Checking in on “The President’s Super-Regulators”

August 24, 2012

By Elizabeth

On Monday, I attended a panel discussion on the Office of Information and Regulatory Affairs (OIRA). Titled “The President’s Super-Regulators: What’s next for OIRA?” and hosted by the Advisory Committee on Transparency in conjunction with the Sunlight Foundation, the panel set out to discuss OIRA’s role in rulemakings, its evolution, openness, and future. Little-known outside the beltway but wielding significant influence, OIRA reviews regulations that impose more than $100 million in annual compliance costs for affected industries. The office develops guidance on information policy, collection of information, regulatory matters, and statistical programs and standards. Most recently, AALL has worked with OIRA on implementing the Obama Administration’s National Action Plan.

As “The President’s Super-Regulators,” OIRA’s small staff is housed in the White House’s Office of Management and Budget. With OIRA’s administrator, “regulatory czar” Cass Sunstein, having just departed for Harvard, there is occasion to evaluate the Obama administration’s approach to rulemaking and its level of transparency in the process. The panel of experts included both advocates and critics of OIRA: Susan Dudley, a former OIRA administrator under President Bush, and Michael Fitzpatrick, a former associate administrator under President Obama spoke of their experiences leading the 50-person office in its work, while Curtis Copeland, former specialist with the Congressional Research Service, and Robert Weissman, President of Public Citizen led the discussion on OIRA’s shortcomings and opportunities for greater transparency.

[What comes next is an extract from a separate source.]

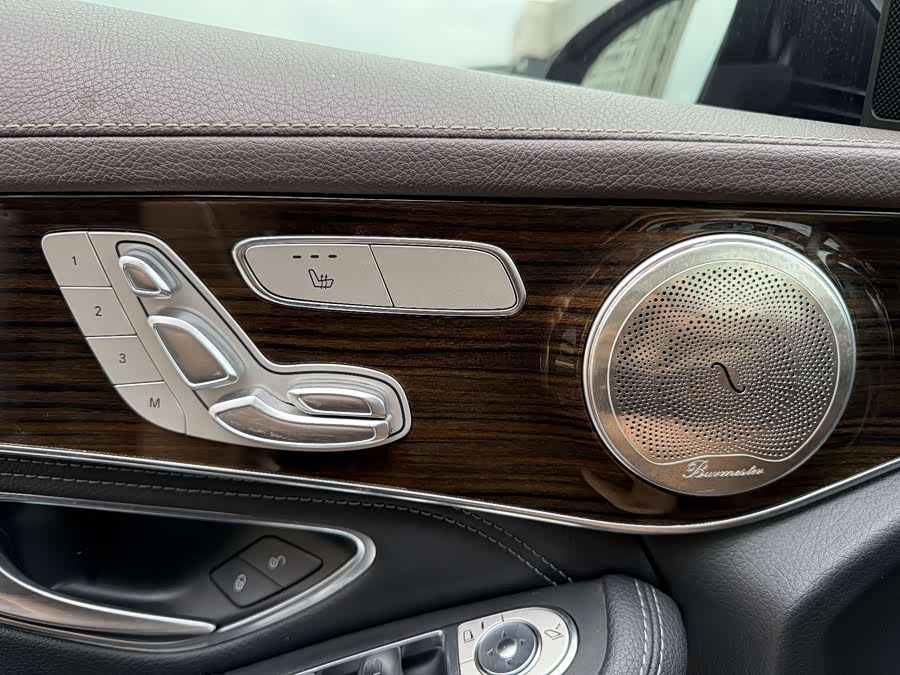 Mercedes-Benz GLC 2019 — фото 13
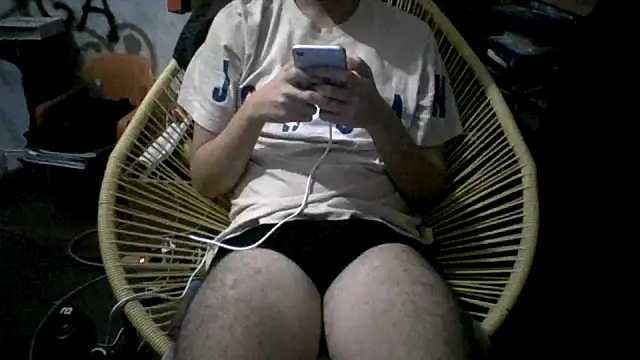 Snapshot of topboy2800 chatting on January 2, 2025, 1:06 am topboy2800 online show from January 2, 2025, 1:06 am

Needless to say, the panelists were not in consensus. Fitzpatrick and Dudley stood firm in their belief that the office provides a “dispassionate and analytical second opinion” to improve regulations before they go out the gate (Dudley’s words). Having received criticism from both the left and the right, industry groups and consumer advocates, Fitzpatrick suggested of the attacks that, “It’s a pretty good indication you’re doing your job right.” While the Obama administration has finalized fewer regulations overall than either Clinton or Bush during the same point in their first terms, Fitzpatrick pushed through more rules with more than a $100 million impact. Pointing out that OIRA staff is made of career civil servants without political agendas, Dudley pointed to several transparent steps the office has taken. OIRA is required to make public all meetings held with outside groups and posts regulations before and after they’re finalized. Each six months, a regulatory agenda is released.

According to Weissman and Copeland, though, there are plenty of opportunities for OIRA to do more on the openness front. During the informal review process, agencies are advised not to document the changes made to regulations. As a result, it’s nearly impossible to tell how significant the changes made were in the first place, thanks to the “black box”-like secrecy of the process. Weismann also took to task the perceived bias of OIRA towards lobbyist and industry interest groups, a claim which Dudley and Fitzpatrick adamantly refuted.

The panelist did agree, however, that with more attention—be it greater resources or a critical reassessment, depending on who you ask—there is plenty of opportunity for the President’s Super Regulators to wield their influence in a way that is fair, transparent, and significant.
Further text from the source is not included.